The question came up originally because of a news story from way-back, 2006 or earlier, about a teen girl from one of the more rural areas of Africa being guarded by lions until her rescuers came. She had been kidnapped and beaten and abused by a group of men who wanted to marry her, or who wanted her to marry one of them, and the lions appeared and chased them off. They then stayed by her until the group searching for her came across her and the lions retreated at that point. 

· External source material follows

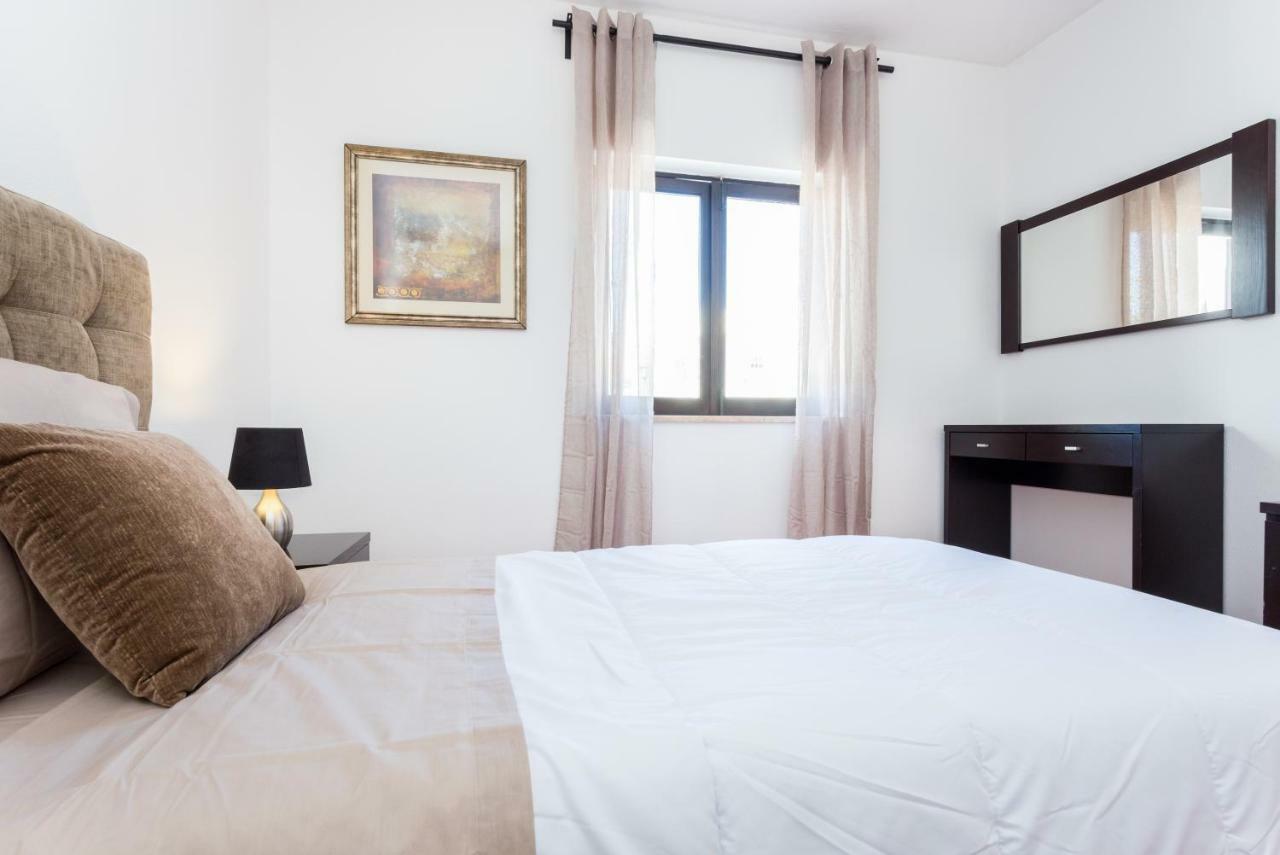 Safari Beach Guest House Lagos Kültér fotó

It just sounded like a story out of myth to me, and I wanted to use it in a short story. (Not using real names or anything.) I suppose that's the secondary issue I'm worried about: taking something that sounds too impossible to have really happened (but did) and making it fictional.


----------



## Lycan999

If you are truly worried about offending someone from the culture you are partially trying to portray from some ignorant blunder you make, the best advice I can give you is do extensive research in to the culture. But I personally do not have any problem using an existing or no longer existing culture and have found many pros to it. If a culture somewhat resembles a culture that existed in our world it can draw readers in with something that is both familiar and new at the same time. It can also give you many ideas for scenes in your story by looking at the mythology and stories told by the culture you are basing yours off of. Besides this, it is also almost impossible to write something and not have it resemble something that actually exist. Just go with it, and add your personal touch. Anyway, this is fantasy writing, not historical fiction.


----------



## Deleted member 2173

celebathien said:


> One of the questions that has bothered me regards the use of real-world cultures in what a fantasy writer chooses to write about. Here's what I mean:
> 
> I have a short story based in an unknown world that should be recognizable as that of Africa. There are lions, native people, and the like. The language should sound like something they would speak; however, where are the lines that shouldn't be crossed? Or are there any? My fear is that because I'm not of that culture, I might cause serious offense to someone from it by badly representing it. I would never want to do that. I would only want to respectfully utilize cultural elements in a well-told story. It's why I don't use tribal names like Zulu, and why I don't copy and paste the Swahili language in, and why I don't necessarily use the same names of their gods. But it does come with a price in that I feel as if I have to understand these cultures deeply in order to properly base something from them.
> 
> Is this a stupid fear of mine, or is it something that happens no matter what foreign culture you choose to base something in your story from? How does it effect worldbuilding? I'd really like to know.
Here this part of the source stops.